---- Source information
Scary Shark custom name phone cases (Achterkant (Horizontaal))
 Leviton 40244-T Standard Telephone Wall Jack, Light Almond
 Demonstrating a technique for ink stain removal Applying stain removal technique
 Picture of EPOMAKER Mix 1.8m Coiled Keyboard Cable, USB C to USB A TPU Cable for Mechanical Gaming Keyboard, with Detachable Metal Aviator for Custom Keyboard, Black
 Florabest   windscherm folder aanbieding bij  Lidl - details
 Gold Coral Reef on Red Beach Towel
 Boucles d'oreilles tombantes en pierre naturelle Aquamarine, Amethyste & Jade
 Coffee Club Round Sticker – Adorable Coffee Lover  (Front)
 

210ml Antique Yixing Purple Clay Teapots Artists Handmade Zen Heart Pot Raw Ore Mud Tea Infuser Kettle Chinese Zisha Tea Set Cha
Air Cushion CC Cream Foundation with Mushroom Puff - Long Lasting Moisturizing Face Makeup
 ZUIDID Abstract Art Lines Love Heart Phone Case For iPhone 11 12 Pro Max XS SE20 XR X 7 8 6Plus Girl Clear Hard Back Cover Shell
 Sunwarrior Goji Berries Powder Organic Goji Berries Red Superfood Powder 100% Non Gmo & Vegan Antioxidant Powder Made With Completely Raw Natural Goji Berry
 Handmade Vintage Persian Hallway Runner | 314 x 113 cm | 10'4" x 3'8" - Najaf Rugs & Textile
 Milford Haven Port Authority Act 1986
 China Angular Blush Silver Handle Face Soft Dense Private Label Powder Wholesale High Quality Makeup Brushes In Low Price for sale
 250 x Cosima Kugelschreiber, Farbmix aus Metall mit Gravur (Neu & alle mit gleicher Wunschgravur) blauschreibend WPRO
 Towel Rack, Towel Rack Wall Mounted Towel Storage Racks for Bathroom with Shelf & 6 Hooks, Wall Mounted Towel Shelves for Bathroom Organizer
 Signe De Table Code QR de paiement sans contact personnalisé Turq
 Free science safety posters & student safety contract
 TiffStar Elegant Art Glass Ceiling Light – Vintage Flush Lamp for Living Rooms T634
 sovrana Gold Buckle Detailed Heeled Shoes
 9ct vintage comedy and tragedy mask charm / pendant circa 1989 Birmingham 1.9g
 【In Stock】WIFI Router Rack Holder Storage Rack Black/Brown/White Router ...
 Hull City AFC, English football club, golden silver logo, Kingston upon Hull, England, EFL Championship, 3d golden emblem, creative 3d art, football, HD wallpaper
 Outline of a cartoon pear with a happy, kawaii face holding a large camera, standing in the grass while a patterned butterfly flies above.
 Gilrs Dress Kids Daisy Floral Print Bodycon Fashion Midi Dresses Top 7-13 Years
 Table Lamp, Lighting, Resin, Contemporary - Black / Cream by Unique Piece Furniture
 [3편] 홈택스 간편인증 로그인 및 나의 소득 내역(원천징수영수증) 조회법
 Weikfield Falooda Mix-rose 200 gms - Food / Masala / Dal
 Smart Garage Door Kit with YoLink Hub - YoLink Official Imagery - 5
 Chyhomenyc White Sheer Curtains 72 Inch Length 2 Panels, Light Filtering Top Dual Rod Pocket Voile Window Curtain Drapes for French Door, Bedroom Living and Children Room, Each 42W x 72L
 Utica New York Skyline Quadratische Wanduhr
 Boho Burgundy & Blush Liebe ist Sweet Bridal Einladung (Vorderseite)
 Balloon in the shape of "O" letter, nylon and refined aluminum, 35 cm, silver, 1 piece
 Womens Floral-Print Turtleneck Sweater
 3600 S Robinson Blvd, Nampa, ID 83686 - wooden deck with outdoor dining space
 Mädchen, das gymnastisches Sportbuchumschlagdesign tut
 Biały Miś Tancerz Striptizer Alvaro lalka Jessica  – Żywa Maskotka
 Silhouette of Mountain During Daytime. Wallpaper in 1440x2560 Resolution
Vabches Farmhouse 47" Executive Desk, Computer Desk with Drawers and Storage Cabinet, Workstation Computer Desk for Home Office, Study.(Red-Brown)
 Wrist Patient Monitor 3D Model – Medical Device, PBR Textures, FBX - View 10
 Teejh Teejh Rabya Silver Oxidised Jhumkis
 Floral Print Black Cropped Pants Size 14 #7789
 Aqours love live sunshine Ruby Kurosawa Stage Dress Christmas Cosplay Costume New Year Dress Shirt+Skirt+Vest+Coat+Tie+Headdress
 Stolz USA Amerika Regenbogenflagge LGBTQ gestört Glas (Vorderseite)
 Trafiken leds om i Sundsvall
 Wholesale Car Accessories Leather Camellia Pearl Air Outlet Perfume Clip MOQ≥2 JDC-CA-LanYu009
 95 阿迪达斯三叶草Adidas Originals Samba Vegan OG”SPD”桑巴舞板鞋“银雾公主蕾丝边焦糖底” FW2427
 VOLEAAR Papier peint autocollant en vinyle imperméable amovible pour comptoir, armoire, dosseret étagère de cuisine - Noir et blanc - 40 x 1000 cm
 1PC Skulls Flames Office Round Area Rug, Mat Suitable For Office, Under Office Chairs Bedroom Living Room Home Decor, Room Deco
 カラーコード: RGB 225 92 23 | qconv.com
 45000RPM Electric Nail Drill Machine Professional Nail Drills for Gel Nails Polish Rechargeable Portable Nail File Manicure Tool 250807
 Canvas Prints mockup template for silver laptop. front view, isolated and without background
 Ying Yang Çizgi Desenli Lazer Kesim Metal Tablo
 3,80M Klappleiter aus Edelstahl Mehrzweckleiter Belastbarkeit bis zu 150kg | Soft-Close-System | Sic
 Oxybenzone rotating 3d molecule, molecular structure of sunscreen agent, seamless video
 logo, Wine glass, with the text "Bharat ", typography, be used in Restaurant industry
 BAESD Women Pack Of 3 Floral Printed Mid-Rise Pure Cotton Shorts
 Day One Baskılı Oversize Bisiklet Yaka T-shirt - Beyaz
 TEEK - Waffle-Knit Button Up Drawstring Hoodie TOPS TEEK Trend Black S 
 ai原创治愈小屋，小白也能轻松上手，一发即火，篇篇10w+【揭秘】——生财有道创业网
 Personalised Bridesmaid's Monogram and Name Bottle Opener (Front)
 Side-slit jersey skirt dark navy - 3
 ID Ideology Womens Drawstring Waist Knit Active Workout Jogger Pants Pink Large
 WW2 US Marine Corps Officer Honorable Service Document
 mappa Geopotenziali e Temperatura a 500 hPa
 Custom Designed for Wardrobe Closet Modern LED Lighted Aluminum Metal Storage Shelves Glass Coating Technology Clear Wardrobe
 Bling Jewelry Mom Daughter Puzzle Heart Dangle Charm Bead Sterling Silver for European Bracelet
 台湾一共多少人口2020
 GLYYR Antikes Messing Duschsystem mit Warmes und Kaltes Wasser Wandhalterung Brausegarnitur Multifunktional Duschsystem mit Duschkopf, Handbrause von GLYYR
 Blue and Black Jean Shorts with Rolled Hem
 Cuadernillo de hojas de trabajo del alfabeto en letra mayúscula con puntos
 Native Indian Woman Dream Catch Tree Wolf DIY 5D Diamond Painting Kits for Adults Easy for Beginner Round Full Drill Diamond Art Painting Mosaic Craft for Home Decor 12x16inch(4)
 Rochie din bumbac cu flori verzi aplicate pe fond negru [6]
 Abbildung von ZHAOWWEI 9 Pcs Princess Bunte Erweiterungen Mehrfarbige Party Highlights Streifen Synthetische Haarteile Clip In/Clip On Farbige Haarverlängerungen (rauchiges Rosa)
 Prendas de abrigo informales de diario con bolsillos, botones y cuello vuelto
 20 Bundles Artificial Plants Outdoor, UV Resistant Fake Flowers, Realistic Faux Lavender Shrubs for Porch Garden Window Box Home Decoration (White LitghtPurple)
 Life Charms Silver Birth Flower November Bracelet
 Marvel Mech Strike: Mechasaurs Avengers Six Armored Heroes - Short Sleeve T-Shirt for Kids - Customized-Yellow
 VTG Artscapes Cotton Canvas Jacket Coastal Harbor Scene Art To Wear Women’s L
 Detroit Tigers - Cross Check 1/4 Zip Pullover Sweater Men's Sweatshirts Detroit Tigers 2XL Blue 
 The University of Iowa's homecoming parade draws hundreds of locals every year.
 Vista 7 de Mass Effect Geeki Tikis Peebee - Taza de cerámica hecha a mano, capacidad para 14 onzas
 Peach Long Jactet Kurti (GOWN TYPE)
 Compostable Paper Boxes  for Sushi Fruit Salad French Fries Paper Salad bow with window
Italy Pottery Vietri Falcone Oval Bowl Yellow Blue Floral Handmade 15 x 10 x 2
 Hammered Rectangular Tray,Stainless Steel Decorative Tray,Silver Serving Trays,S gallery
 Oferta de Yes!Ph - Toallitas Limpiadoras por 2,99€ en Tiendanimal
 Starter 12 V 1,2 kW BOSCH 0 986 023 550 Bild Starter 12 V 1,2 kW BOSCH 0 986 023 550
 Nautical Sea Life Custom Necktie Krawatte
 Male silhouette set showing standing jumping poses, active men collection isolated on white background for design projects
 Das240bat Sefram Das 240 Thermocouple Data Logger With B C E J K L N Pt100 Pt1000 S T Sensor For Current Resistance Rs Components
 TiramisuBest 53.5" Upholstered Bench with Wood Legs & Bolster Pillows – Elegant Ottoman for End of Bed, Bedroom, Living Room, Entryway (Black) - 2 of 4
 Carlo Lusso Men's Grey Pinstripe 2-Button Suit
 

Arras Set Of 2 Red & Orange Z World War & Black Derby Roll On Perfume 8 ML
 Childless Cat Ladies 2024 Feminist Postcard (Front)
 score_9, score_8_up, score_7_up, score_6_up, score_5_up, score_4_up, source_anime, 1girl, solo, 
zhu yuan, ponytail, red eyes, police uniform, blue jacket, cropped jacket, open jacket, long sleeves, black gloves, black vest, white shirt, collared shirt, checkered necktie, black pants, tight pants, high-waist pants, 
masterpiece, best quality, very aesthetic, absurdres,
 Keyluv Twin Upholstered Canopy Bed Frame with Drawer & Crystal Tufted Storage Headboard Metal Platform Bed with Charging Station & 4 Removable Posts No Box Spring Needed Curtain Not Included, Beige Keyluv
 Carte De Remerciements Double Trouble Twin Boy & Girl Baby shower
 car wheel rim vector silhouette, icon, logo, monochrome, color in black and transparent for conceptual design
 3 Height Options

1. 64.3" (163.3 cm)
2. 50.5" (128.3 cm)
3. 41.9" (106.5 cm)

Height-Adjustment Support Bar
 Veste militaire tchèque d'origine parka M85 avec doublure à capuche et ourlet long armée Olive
--------
# What you will do:
For the material above, reproduce exactly the lines from the line with "9ct vintage comedy" to the line with "Hull City AFC, English", inclusive, and exclude all others.

# Your solution:
 9ct vintage comedy and tragedy mask charm / pendant circa 1989 Birmingham 1.9g
 【In Stock】WIFI Router Rack Holder Storage Rack Black/Brown/White Router ...
 Hull City AFC, English football club, golden silver logo, Kingston upon Hull, England, EFL Championship, 3d golden emblem, creative 3d art, football, HD wallpaper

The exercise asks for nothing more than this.